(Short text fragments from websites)
================================

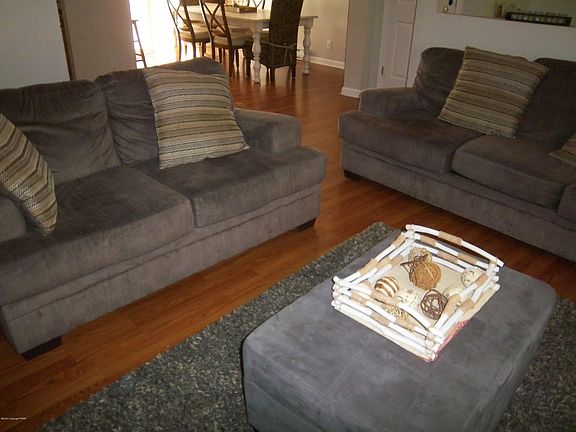 2nd image of 3023 Briarwood Dr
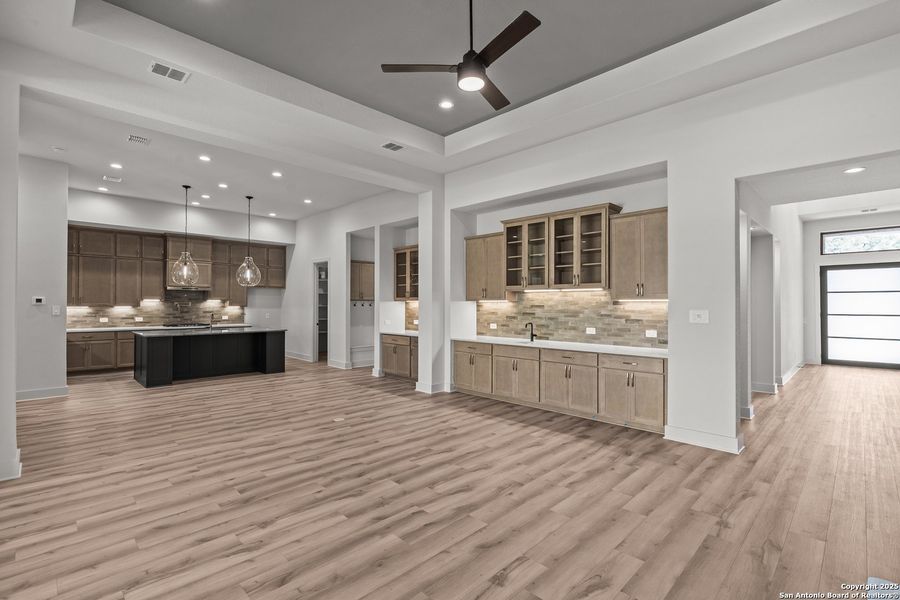 Furnished interior view inside a new home in Esperanza - 70', Boerne (Image 17). Furnished interior view inside a new home in Esperanza - 70', Boerne (Image 17).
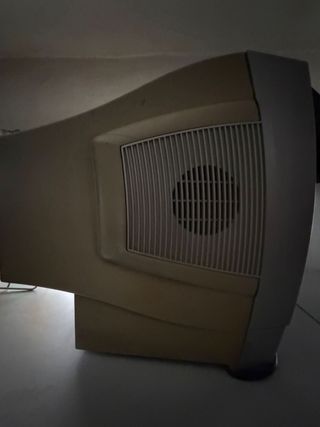 Televisor Bluesky Plata Pequeño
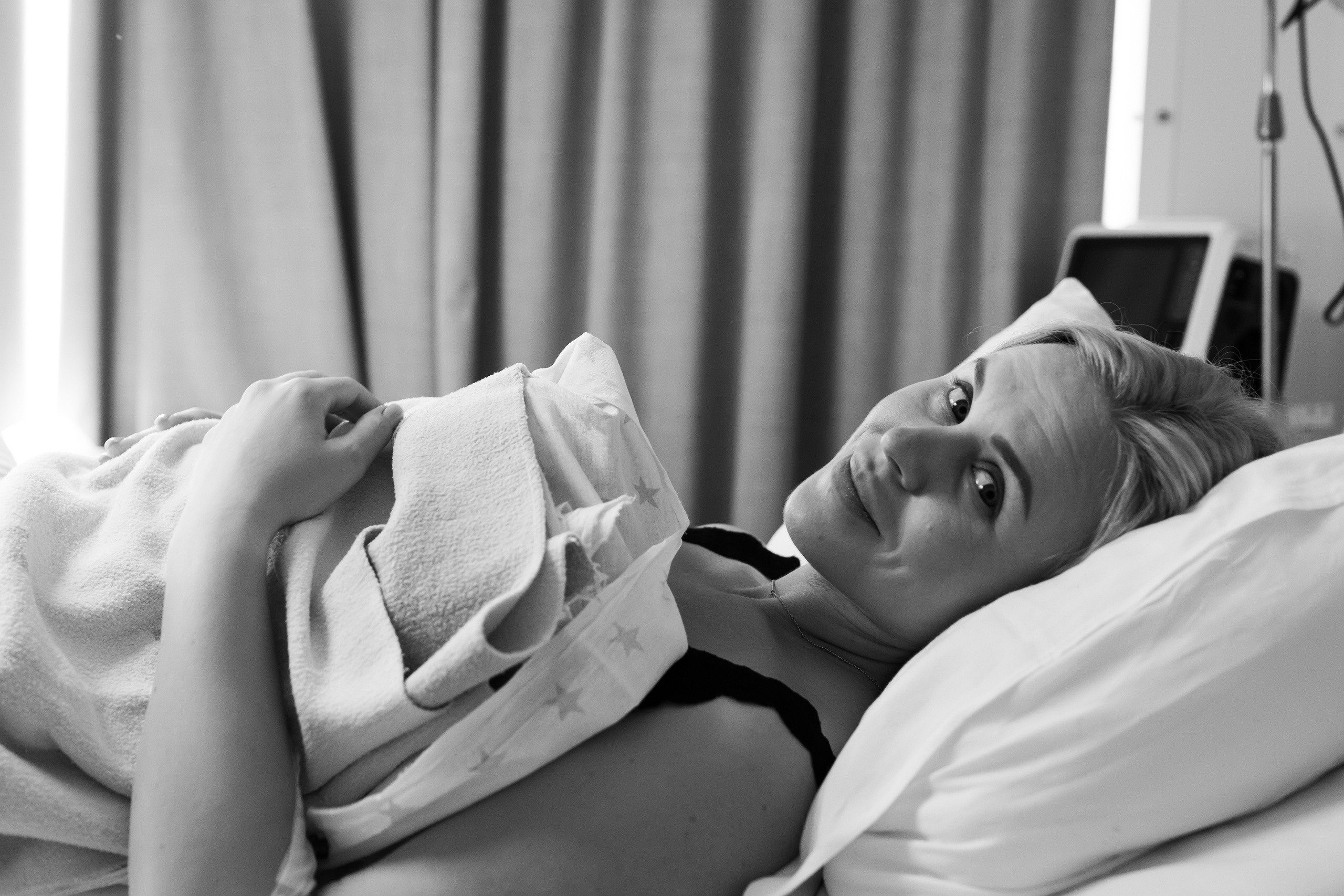 Съемка родов. Рождение Веры. Клинический госпиталь MD GROUP Лахта. Фотограф на роды в Санкт-Петербурге Екатерина Сысоева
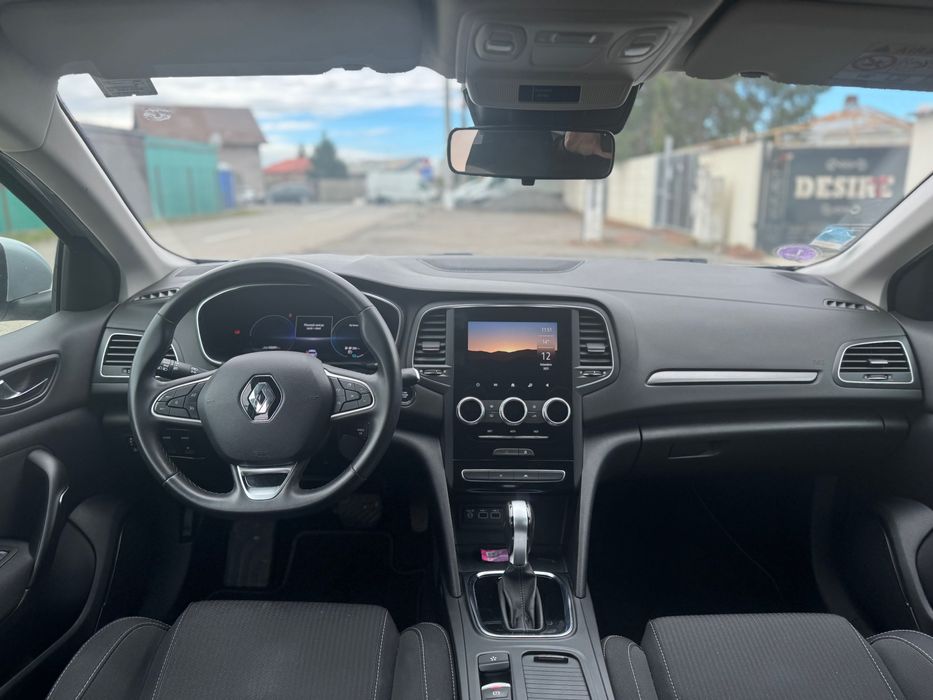Renault Megane Grandtour E-TECH Plug-in 160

================================

## [Exercise details]
Please write out all the entries above exactly, but leave out the pictures.

## [Result]
 2nd image of 3023 Briarwood Dr
 Furnished interior view inside a new home in Esperanza - 70', Boerne (Image 17). Furnished interior view inside a new home in Esperanza - 70', Boerne (Image 17).
 Televisor Bluesky Plata Pequeño
 Съемка родов. Рождение Веры. Клинический госпиталь MD GROUP Лахта. Фотограф на роды в Санкт-Петербурге Екатерина Сысоева
Renault Megane Grandtour E-TECH Plug-in 160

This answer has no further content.